O texto que o austríaco Kraus começou a escrever em 1915, um ano depois do estalar da Primeira Guerra Mundial, e que o próprio autor não concebia que viesse a ser encenado (exceto num “teatro do planeta Marte” e mesmo aí em dez serões), é descrito pelo tradutor, António Sousa Ribeiro, como “um drama sem paralelo fácil, em qualquer literatura”.

Com encenação de Nuno Carinhas e de Nuno M. Cardoso, “Os Últimos Dias da Humanidade” distribui-se em três espetáculos de cerca de duas horas cada, a partir de hoje e até 19 de novembro, dia em que vai haver uma sessão especial com a totalidade da peça: das 15:00 às 23:00, seguindo depois para o Teatro Nacional D. Maria II, em Lisboa, de 12 a 22 de janeiro.

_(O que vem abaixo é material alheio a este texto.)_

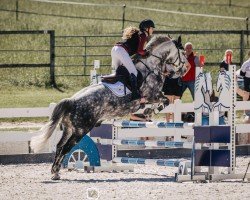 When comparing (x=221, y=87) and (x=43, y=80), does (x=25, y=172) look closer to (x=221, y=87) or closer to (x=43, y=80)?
(x=221, y=87)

Nuno Carinhas disse aos jornalistas, depois de um ensaio para a imprensa de cerca de 40 minutos, que se trata de “uma gigantesca colagem”, referindo-se a Kraus como, “sobretudo, um grande ouvidor e um grande leitor e foi a partir daí que ele construiu este monstro”.

Com um elenco de 21 atores, estes desdobram-se em quase 200 personagens (com exceção para António Durães, que interpreta O Eterno Descontente ao longo de todo o texto), naquilo que os próprios encenadores classificam como “ginástica”.

“É muito exigente até se perceber que é um exercício de eles serem os demiurgos do texto. São eles que fazem passar o texto, não há grandes construções de personagens, não há personagens que nascem e envelhecem e morrem. São e estão completamente pulverizados em várias personagens, às vezes diminutas, que são vozes”, explicou Nuno Carinhas.

Por seu lado, Nuno M. Cardoso sublinhou que “há um trabalho prévio enormíssimo” em torno de um texto construído em grande parte de forma “documental”, por “figuras tiradas do real”, na maioria retiradas da imprensa.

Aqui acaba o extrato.